Here the great Belloc shows that ever since the disaster of the Protestant Reformation, Western civilization (which was formed by the Catholic Faith) has been coming apart--since Calvinism opened the door to usury, unbridled competition, the domination of the mind by money, and ultimately the return of slavery. Belloc says our 2 choices are a return to Catholicism or chaos! Essential for anyone who would understand our world today!
People considered Joseph Hilaire Pierre René Belloc, French-born British writer, as a master of light English prose and also knew widely his droll verse, especially The Bad Child's Book of Beasts in 1896.
Sharp wit of Hilaire Belloc, an historian, poet, and orator, extended across literary output and strong political and religious convictions. Oxford educated this distinguished debater and scholar. Throughout his career, he prolifically across a range of genres and produced histories, essays, travelogues, poetry, and satirical works.
Cautionary Tales for Children collects best humorous yet dark morals, and historical works of Hilaire Belloc often reflected his staunch Catholicism and critique of Protestant interpretations. He led advocates of an economic theory that promotes and championed distribution of small-scale property ownership as a middle ground between capitalism and socialism alongside Gilbert Keith Chesterton, his close friend.
In politics, Hilaire Belloc served as a member of Parliament for the Liberal party, but the establishment disillusioned him. His polemical style and strong opinions made a controversial figure, who particularly viewed modernism, secularism, and financial capitalism as threats to traditional Christian society in his critiques.

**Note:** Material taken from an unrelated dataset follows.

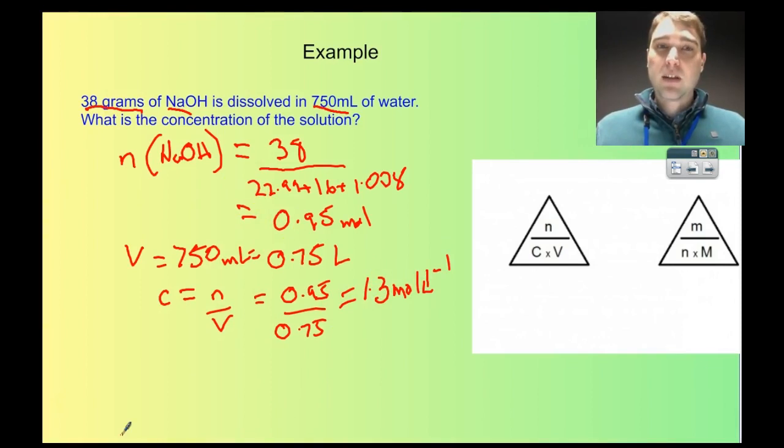Today on Flipping Science, we looked at how to use the C equals N on V formula. That's it for Flipping Science today. See ya.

Influence and vast literary legacy of Hilaire Belloc extends into historical circles. Erudition, humor, and a forceful rhetorical style characterized intellectual vigor and unique perspective, which people continue to study and to appreciate, on history, society, and human nature.

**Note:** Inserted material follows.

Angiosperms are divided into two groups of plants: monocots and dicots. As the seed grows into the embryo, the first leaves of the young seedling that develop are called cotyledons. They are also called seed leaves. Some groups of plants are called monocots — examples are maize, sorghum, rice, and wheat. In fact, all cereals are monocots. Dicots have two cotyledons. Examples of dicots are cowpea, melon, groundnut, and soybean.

Profound, poignant, erudite: Belloc on the tragedy of the Reformation, the loss of Christendom, the rise of capitalism ...
For anyone interested, much more on this theme can also be found in various pieces in the Belloc section of my site: http://corjesusacratissimum.org/tag/h... ...

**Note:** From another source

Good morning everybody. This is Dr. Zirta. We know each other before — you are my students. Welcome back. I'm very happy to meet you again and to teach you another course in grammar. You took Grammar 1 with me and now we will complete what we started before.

Hilaire Belloc was an English, Roman Catholic, historian around the turn of the 20th century. He was chums with G.K. Chesterton. They ran a newspaper together, conjured up their own economic theory, called "Distributism", and generally antagonized Bertrand Russell whenever possible.
Hint: By "Crisis", he means social crisis. Spoiler: The crisis was the Protestant Reformation.
This was the first time I had heard a persuasive case advancing anything negative about the Reformation. It was a little scary for me.
This was extremely informative and enlightening for someone raised on a thoroughly protestant/secular history of Western civilization. It fits right in with "The Crusades: The World's Debate" and "The Great Heresies" also by Belloc. The final chapter was somewhat dense and spoke to his proposed remedies for the titular crisis as things stood in the 1930s, so I had some trouble getting through the middle of that. That said, he came back around in the final few pages with a clear and hopeful vision.
Buen libro, es contundente, con el estilo enérgico de Belloc, la primera parte explica la crisis de la civilización, en especial en su origen histótico, y luego el momento presente, y hacia el final nos señala lo que él cree que son las medidas que podemos tomar para remediarla. Un llamado a todo católico para ponerse en acción.
Al leer este libro me sentí en un salón lleno de anti-protestantes dogmáticos. Para un protestante el ambiente de este libro es bastante hostil... Pero es bueno, lo releería en un futuro.
if you are protestant, you don't necessarily have to agree with his suggestion that the reformation was the straw that broke the camel's back in western civilization in order to sympathize with his suggestion that the consequences of the reformation have been catastrophic to western civilization. Belloc paints an engrossing historical portrait of the downfall of Christendom culminating in the economic injustices which we still have today, all the while showing how the reformation is to blame. a must read in the area of church history and economics from a catholic perspective.
I read this years ago and liked it more than I do now. Apparently I forgot about what Belloc sees as the crisis of Christendom - the Reformation. The book is still good, and says a lot of great things (Islam is not a religion, it is a Christian heresy, etc.).